_Task to complete_:
Please reproduce the data below exactly, from the first line through the line containing "Men's Nike Cincinnati", and leave every later line out.

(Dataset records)
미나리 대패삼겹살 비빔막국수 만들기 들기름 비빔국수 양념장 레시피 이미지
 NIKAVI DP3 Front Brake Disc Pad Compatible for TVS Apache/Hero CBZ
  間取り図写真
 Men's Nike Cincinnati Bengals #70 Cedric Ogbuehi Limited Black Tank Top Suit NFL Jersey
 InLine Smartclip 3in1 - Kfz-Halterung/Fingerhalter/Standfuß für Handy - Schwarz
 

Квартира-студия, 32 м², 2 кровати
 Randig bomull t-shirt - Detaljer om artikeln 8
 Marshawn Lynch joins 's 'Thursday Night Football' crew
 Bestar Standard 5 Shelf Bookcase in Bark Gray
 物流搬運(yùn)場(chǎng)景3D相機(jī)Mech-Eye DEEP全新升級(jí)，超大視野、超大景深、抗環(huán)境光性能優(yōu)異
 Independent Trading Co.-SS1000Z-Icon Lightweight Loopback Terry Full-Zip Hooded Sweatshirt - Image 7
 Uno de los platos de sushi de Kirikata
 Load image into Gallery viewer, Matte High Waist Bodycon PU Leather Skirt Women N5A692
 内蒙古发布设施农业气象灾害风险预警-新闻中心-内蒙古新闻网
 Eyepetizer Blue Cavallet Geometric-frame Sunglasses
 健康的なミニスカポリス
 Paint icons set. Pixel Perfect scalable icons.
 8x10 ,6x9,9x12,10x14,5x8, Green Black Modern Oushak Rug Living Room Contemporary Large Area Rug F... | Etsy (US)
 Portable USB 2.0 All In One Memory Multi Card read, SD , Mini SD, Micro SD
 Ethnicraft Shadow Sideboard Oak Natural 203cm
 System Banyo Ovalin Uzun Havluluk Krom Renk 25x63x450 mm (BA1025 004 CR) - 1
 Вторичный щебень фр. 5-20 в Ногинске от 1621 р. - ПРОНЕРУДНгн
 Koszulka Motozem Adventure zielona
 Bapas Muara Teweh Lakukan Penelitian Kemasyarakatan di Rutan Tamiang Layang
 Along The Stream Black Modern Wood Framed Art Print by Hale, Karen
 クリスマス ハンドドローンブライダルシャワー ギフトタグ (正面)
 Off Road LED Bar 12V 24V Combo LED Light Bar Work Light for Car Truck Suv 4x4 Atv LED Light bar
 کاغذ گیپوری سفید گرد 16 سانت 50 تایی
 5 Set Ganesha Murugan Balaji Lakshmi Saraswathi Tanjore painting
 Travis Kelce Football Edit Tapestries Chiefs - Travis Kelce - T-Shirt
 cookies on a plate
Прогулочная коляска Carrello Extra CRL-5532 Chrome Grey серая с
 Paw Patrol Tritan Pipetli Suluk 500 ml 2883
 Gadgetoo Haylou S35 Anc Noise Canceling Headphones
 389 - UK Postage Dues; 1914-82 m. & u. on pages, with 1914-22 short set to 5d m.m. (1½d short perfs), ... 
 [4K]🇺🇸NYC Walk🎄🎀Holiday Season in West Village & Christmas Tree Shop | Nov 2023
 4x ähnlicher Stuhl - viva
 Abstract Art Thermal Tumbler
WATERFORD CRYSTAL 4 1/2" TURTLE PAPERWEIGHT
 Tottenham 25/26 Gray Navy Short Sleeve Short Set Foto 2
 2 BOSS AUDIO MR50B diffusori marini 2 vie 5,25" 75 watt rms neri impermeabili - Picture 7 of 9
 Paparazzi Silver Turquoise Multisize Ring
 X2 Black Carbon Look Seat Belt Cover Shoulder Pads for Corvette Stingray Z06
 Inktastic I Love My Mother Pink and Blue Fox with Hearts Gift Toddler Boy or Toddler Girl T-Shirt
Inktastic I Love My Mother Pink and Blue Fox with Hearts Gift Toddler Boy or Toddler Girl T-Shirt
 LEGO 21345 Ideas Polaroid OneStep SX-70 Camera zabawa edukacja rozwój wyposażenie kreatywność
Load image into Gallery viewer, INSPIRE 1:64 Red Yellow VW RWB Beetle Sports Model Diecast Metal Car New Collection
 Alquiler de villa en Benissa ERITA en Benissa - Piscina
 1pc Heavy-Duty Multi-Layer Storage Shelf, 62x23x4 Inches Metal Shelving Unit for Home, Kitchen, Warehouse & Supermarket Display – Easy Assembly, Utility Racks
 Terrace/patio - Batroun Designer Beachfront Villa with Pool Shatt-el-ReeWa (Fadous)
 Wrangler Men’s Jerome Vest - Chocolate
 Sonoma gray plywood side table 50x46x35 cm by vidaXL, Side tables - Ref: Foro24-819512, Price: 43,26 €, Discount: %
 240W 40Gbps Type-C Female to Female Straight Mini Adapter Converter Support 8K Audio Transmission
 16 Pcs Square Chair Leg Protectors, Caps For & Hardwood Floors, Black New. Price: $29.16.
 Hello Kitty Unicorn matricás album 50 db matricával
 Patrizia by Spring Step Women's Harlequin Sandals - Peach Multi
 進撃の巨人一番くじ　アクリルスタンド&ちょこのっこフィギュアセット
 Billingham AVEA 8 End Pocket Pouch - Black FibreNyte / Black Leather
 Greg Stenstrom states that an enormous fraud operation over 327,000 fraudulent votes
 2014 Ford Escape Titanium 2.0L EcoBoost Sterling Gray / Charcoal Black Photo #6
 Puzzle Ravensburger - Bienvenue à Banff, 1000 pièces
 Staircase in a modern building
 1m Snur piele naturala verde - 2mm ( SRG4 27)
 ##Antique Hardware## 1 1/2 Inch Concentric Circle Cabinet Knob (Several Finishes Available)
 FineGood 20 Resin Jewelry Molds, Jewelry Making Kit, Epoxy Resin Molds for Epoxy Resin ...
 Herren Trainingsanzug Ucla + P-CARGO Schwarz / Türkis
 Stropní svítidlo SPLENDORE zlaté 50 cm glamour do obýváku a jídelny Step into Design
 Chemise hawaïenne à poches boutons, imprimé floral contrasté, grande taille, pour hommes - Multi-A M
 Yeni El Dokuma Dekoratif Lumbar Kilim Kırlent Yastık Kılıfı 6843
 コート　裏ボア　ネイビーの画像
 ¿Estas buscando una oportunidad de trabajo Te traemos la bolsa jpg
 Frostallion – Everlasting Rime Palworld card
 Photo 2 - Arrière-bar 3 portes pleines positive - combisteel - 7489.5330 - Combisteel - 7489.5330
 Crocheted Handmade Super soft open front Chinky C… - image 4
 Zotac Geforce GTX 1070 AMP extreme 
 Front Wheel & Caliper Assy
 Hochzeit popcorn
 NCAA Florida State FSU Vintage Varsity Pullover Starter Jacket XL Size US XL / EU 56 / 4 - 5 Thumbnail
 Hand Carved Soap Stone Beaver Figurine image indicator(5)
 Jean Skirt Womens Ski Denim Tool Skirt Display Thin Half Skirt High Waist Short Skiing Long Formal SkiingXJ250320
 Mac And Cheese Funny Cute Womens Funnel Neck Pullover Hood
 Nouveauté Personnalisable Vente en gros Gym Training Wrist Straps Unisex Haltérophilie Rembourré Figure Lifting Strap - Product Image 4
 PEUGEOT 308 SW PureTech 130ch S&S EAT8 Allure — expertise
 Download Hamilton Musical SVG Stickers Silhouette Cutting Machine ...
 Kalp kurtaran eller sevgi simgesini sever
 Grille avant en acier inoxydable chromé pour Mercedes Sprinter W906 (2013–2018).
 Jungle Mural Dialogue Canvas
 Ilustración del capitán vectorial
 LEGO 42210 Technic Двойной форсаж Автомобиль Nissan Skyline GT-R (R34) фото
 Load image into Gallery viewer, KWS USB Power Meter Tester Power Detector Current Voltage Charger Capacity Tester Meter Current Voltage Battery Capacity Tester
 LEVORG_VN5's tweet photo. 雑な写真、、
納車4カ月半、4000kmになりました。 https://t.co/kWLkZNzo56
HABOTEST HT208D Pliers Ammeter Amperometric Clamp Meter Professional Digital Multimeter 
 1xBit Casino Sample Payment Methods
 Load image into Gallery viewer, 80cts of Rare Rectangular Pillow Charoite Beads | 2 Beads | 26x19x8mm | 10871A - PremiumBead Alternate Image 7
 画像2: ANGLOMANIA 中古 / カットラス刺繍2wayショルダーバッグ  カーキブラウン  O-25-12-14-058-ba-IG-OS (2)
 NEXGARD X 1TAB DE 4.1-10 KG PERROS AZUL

_Reply to the task_:
미나리 대패삼겹살 비빔막국수 만들기 들기름 비빔국수 양념장 레시피 이미지
 NIKAVI DP3 Front Brake Disc Pad Compatible for TVS Apache/Hero CBZ
  間取り図写真
 Men's Nike Cincinnati Bengals #70 Cedric Ogbuehi Limited Black Tank Top Suit NFL Jersey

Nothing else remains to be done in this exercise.